Problem to work on – Exactly the lines below starting at the line with "Tbd Juniper Hills Rd. - Photo 1" and ending at the line with "运用剑雅阅读真题 备考雅思小作文图2" are wanted, with both ends included. Leave out the pictures and add no other lines.

Raw data –
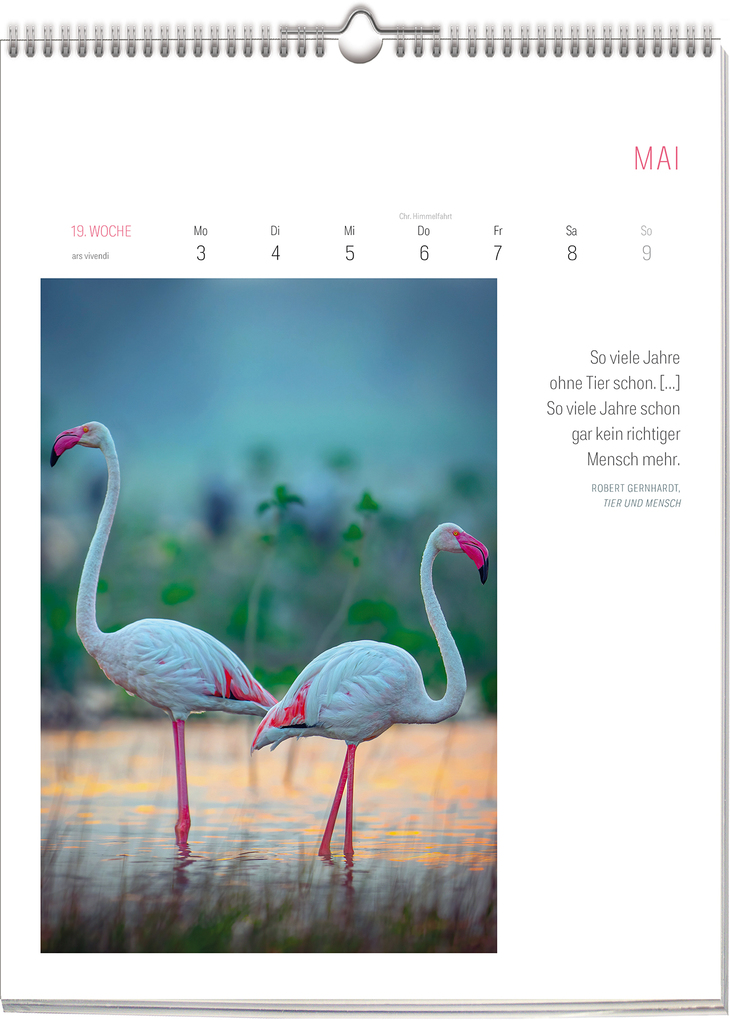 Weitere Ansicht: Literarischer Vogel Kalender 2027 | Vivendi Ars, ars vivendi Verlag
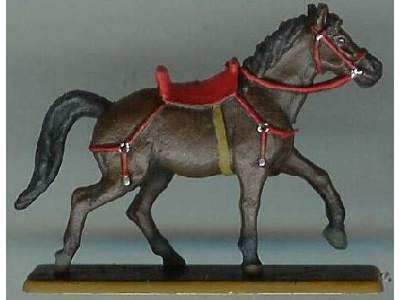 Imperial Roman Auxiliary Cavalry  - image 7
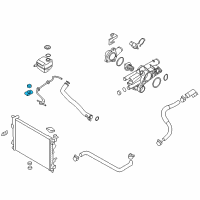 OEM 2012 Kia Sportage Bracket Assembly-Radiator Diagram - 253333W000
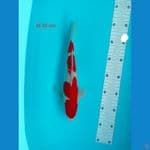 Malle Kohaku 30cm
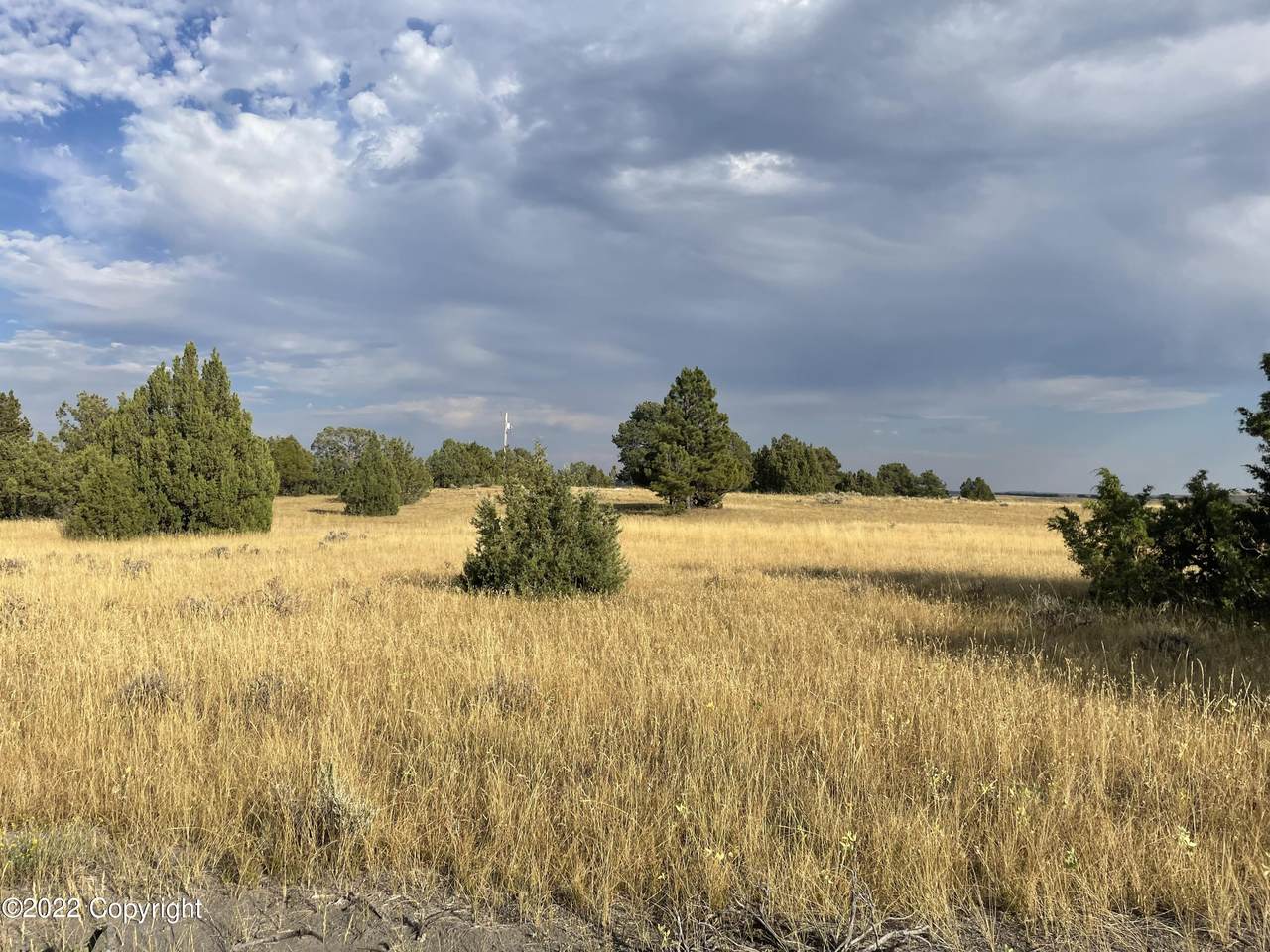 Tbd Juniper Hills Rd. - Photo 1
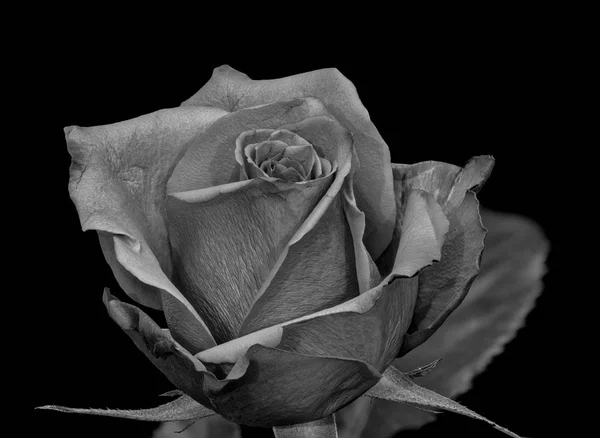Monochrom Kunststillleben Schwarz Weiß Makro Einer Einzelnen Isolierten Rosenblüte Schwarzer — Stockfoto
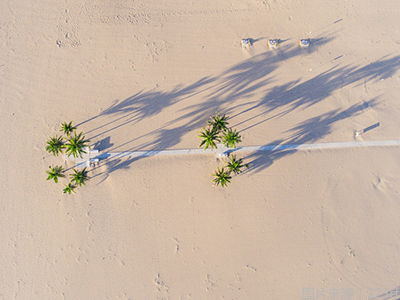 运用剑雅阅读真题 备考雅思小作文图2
--
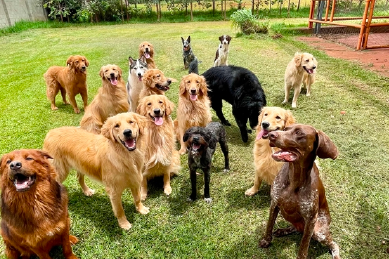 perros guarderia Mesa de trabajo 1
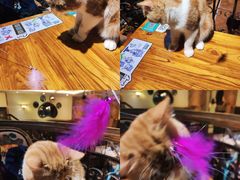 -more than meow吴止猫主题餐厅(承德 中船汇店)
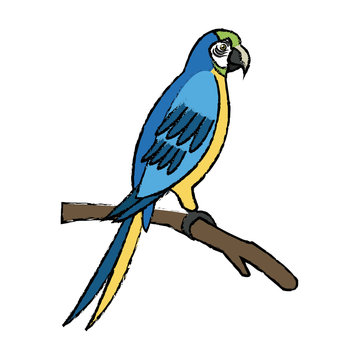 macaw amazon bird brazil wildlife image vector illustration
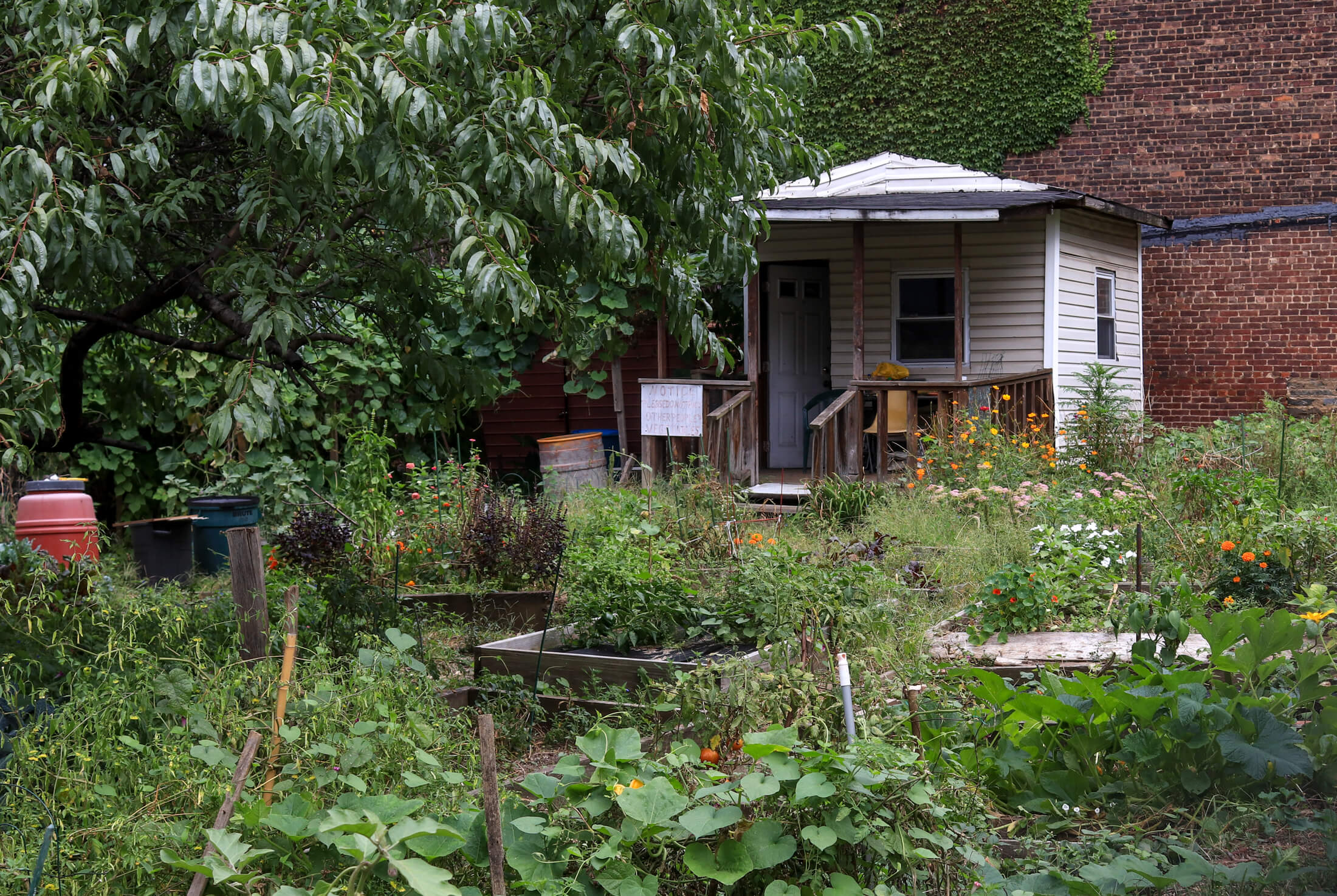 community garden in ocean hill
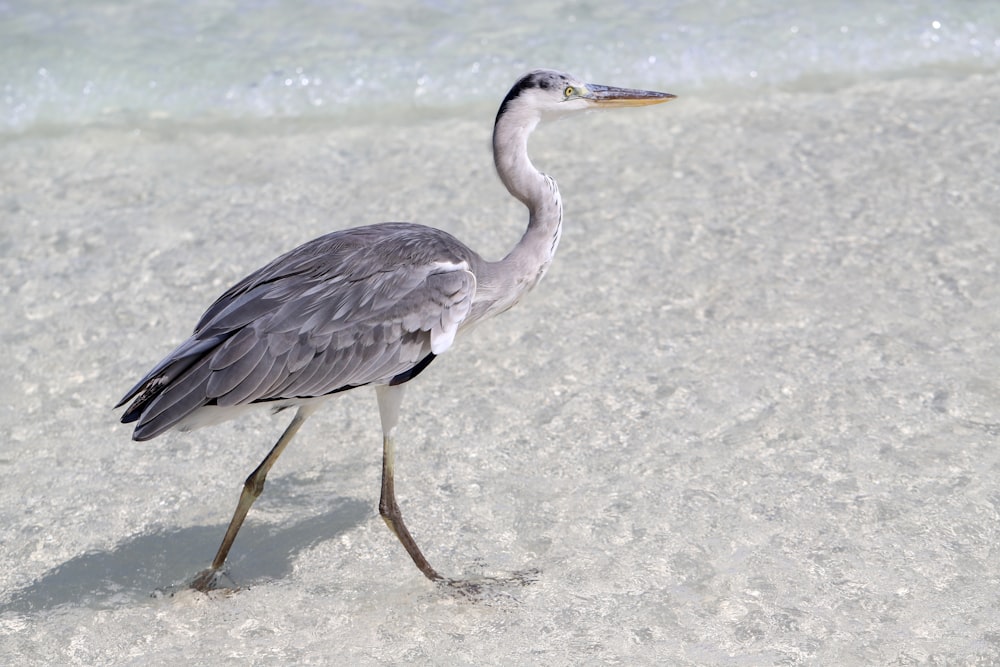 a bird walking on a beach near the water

Solution below –
 Tbd Juniper Hills Rd. - Photo 1
Monochrom Kunststillleben Schwarz Weiß Makro Einer Einzelnen Isolierten Rosenblüte Schwarzer — Stockfoto
 运用剑雅阅读真题 备考雅思小作文图2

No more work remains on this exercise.